Avec le taux d’impopularité record pour un président de la V e république (13% d’opinions favorables) et embourbé dans une profonde crise politique, François Hollande n’avait pas besoin d’un scandale supplémentaire. Pourtant, le 3 septembre, la presse révélait des extraits du livre de son ex-compagne, Valérie Trierweiler, Merci pour ce moment. Elle y raconte non seulement sa vie de « première dame » pendant 18 mois, sa rupture avec Hollande, ses déceptions et humiliations, mais elle révèle également le mépris que le président exprimait ouvertement envers les classes populaires.


Les "sans-dents"


Une des révélations les plus scandaleuses de Trierweiler est sans aucun doute quand elle faire référence au mépris de Hollande envers les pauvres. En partant de la revendication de ses origines modestes, fille d’un père handicapé sans emploi et d’une caissière de patinoire, elle raconte ainsi la rencontre entre sa famille et le président. Alors que toute la famille était réunie pour le repas de Noël, Hollande se tourne vers Trierweiler et commente : « Elle n’est quand même pas jojo la famille Massonneau ». L’ex-compagne dit avoir reçu cette phrase comme une « gifle », à laquelle elle répond dans son livre : « Pas jojo la famille Massonneau ? Elle est pourtant tellement typique de ses électeurs ! » ; Avant de conclure sans mâcher ses mots : « Il s’est présenté comme l’homme qui n’aime pas les riches. En réalité, le président n’aime pas les pauvres. Lui, l’homme de gauche, dit en privé : “les sans-dents” très fier de son trait d’humour ».

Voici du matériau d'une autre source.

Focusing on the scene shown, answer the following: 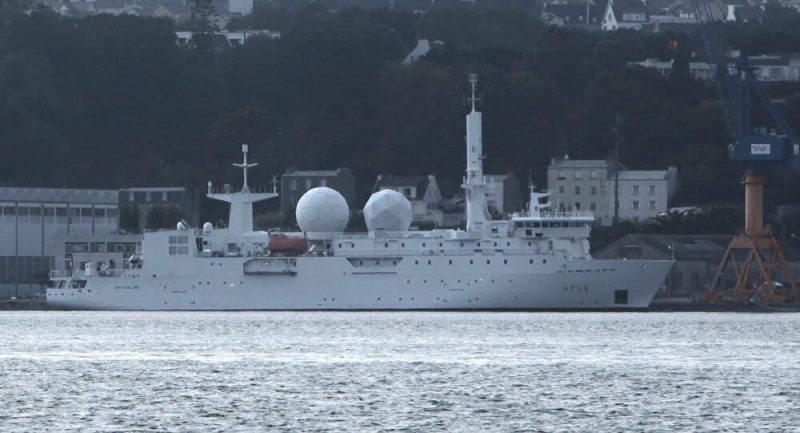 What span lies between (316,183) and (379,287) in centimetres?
3281

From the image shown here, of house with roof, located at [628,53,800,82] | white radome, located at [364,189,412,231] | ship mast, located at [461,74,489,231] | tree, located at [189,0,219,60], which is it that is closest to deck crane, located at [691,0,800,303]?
ship mast, located at [461,74,489,231]

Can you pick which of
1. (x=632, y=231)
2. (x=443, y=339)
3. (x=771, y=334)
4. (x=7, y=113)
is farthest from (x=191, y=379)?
(x=7, y=113)

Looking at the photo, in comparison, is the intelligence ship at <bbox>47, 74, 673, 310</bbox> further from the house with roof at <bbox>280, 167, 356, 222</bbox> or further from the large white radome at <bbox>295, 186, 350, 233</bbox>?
the house with roof at <bbox>280, 167, 356, 222</bbox>

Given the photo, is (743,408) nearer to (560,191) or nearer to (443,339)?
(443,339)

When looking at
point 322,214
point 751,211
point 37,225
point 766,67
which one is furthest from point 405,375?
point 766,67

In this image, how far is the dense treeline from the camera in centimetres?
12850

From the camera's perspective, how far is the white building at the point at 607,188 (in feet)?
395

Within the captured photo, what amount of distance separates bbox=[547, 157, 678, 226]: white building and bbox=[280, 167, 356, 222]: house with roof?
10419 millimetres

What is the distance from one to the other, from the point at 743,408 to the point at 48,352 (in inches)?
967

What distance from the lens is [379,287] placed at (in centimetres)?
9219

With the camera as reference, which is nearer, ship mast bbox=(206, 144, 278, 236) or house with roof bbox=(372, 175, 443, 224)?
ship mast bbox=(206, 144, 278, 236)

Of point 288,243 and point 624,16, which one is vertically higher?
point 624,16

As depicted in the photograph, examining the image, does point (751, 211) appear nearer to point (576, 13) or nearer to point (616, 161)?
point (616, 161)

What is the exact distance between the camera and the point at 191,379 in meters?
57.0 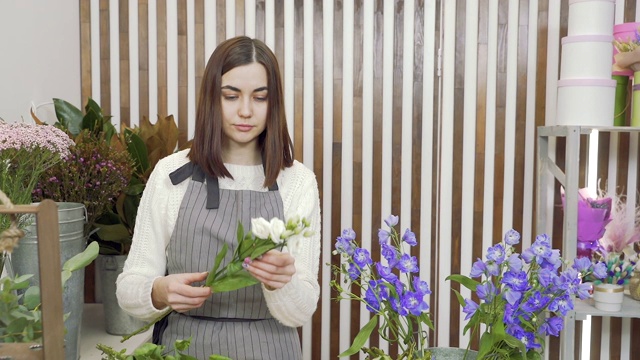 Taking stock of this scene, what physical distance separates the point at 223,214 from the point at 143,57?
1256 mm

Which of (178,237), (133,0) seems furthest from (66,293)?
(133,0)

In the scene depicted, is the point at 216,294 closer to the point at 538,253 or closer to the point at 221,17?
the point at 538,253

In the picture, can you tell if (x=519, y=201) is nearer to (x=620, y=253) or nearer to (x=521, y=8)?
(x=620, y=253)

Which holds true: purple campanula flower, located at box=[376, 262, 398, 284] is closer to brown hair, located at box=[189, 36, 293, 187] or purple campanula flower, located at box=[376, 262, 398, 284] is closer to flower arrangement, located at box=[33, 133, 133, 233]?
brown hair, located at box=[189, 36, 293, 187]

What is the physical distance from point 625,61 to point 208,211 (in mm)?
1510

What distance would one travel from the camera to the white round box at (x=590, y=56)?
7.04 ft

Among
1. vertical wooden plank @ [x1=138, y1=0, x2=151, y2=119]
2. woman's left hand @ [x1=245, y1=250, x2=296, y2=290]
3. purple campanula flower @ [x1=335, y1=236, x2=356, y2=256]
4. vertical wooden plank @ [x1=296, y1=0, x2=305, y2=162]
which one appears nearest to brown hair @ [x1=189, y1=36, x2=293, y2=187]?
woman's left hand @ [x1=245, y1=250, x2=296, y2=290]

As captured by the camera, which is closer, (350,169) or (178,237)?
(178,237)

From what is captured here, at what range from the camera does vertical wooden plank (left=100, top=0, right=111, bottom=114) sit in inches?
99.5

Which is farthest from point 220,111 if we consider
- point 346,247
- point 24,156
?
point 346,247

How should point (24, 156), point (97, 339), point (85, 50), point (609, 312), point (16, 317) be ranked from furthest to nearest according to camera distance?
point (85, 50) → point (609, 312) → point (97, 339) → point (24, 156) → point (16, 317)

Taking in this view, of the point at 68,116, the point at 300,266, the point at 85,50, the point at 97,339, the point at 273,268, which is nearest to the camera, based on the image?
the point at 273,268

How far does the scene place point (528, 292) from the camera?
92cm

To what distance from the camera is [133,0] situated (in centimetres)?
253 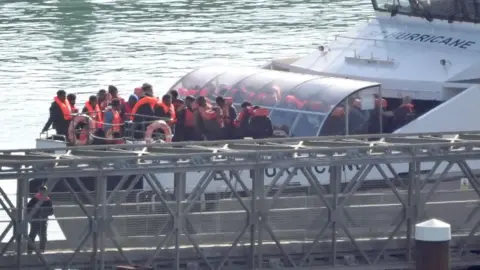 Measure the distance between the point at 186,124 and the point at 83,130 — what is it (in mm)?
1472

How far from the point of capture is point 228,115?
20016mm

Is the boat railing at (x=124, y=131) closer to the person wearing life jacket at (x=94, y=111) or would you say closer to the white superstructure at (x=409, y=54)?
the person wearing life jacket at (x=94, y=111)

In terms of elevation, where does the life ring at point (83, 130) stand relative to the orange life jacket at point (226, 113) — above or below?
below

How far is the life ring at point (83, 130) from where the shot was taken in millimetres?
19453

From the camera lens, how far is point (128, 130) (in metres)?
19.7

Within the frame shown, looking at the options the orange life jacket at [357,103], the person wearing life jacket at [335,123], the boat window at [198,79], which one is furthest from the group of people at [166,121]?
the boat window at [198,79]

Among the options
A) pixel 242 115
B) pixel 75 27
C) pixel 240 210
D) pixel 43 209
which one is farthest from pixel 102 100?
pixel 75 27

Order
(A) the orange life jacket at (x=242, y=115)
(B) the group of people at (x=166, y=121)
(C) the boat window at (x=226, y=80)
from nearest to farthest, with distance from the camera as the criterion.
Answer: (B) the group of people at (x=166, y=121), (A) the orange life jacket at (x=242, y=115), (C) the boat window at (x=226, y=80)

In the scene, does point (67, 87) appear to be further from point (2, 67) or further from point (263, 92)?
point (263, 92)

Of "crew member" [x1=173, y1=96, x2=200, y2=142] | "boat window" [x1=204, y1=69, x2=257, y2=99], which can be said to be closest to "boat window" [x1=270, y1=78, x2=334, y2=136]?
"boat window" [x1=204, y1=69, x2=257, y2=99]

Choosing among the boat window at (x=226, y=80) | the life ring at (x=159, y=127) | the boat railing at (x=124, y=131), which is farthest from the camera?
the boat window at (x=226, y=80)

Que les dirigeants d’un parti bourgeois comme le PS méprisent les plus modestes de la société n’est un secret pour personne. Mais disposer d’un témoignage aussi fiable de ce dédain peut se révéler plus que dangereux, plus encore dans un moment où le gouvernement se retrouve aussi fortement affaibli. Par ailleurs, comme le souligne Trierweiler, il s’agit d’une attaque directe contre une partie de l’électorat traditionnel du PS. Raison de plus pour que les « sans dents » démontrent dans les rues, les entreprises et les lieux d’étude de quoi ils sont capables contre cette caste politique arrogante qui dirige l’État impérialiste français.

Un président ridiculisé


Le mépris de classe n’est pas le seul aspect de la personnalité de Hollande qu’a révélé Trierweiler. On peut lire également à travers son témoignage à quel point le personnage est dépendant des enquêtes d’opinion et de ce que disent les journalistes : « il tient à sa popularité comme à une drogue dure [et] se laisse influencer par ce qui est écrit, dit, commenté ».

Trierweiler le présente aussi comme déloyal lorsqu’elle aborde leur rupture, après que sa relation avec Julie Gayet ait été confirmée, alors qu’il lui promettait qu’il ne s’agissait que de « fariboles ». En lien avec cette affaire, l’ex-première dame raconte les tentatives obsessionnelles du président, à la limite du harcèlement, pour qu’elle revienne vers lui, le peignant y compris comme un irresponsable : « François Hollande lui envoyait des fleurs, multipliait les invitations à dîner et envahissait son téléphone de messages. (...) Jusqu’à vingt-sept en une journée, certains datés du jour de commémoration du D-Day [jour du débarquement] quand le président de la République accueillait Barack Obama et Vladimir Poutine [en pleine crise ukrainienne] » (Le Monde, 3/9).

Au-delà des révélations scandaleuses de l’ouvrage et du coup supplémentaire qu’il représente pour le gouvernement, il s’agit d’une démonstration de plus de la décomposition du personnel politique de la bourgeoisie française. Cela est d’autant plus vrai qu’il s’agit du discrédit de la figure centrale de la cinquième république : le président.